* **WHAT YOU WILL DO**
Would you please restate the data exactly as it stands, apart from the pictures?

* **SOURCE MATERIAL**
+ + +

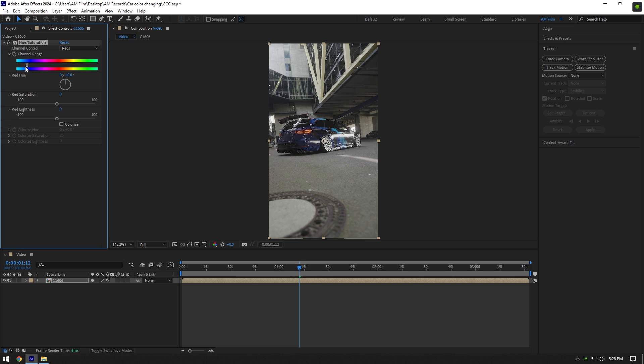Now start recording your screen and start moving slider to the right side. Once you have recorded your screen, delete hue and saturation.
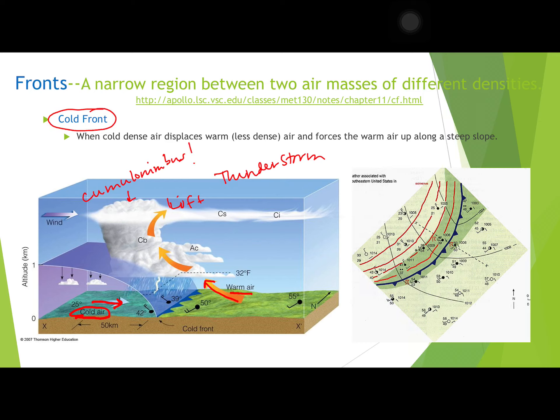In a cold front we have a high chance of thunderstorms because we have a cumulonimbus cloud forming. On a weather map, the symbol for a cold front is a blue line, and that blue line has arrows that point in the direction the front is moving. Blue is for cold, and the arrows show which way the front is moving.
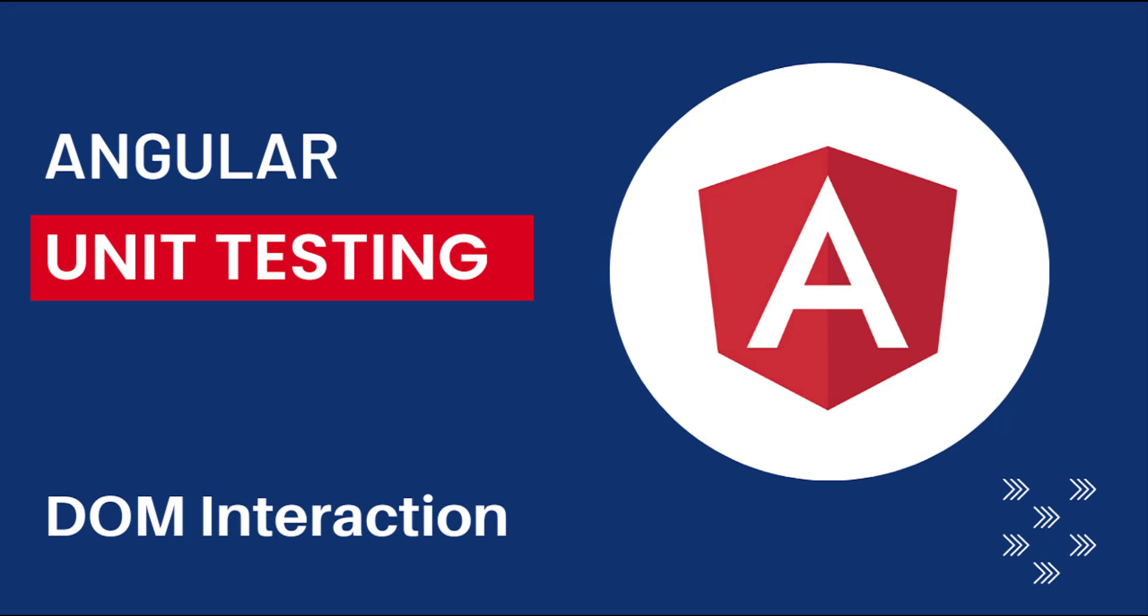Hi friends. Welcome back to Angular unit testing series. In this series, I am talking about unit testing in Angular using Jasmine framework.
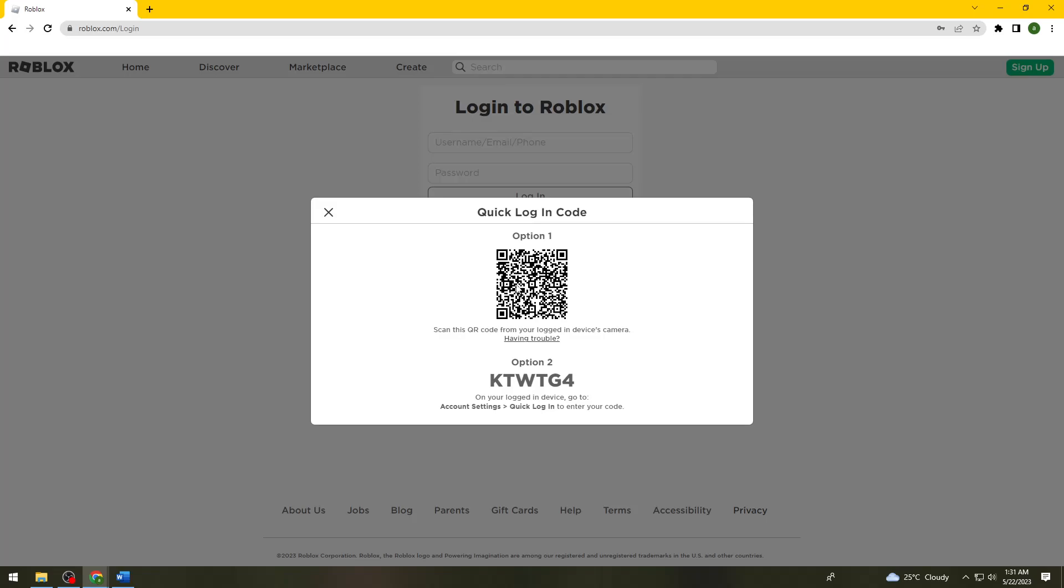You need to click on Quick Login. Once you've clicked Quick Login, you should see a Scan QR Code option. Just go ahead and click that and then scan this QR code on your computer screen.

+ + +

* **RESULT BELOW**
Now start recording your screen and start moving slider to the right side. Once you have recorded your screen, delete hue and saturation.
In a cold front we have a high chance of thunderstorms because we have a cumulonimbus cloud forming. On a weather map, the symbol for a cold front is a blue line, and that blue line has arrows that point in the direction the front is moving. Blue is for cold, and the arrows show which way the front is moving.
Hi friends. Welcome back to Angular unit testing series. In this series, I am talking about unit testing in Angular using Jasmine framework.
You need to click on Quick Login. Once you've clicked Quick Login, you should see a Scan QR Code option. Just go ahead and click that and then scan this QR code on your computer screen.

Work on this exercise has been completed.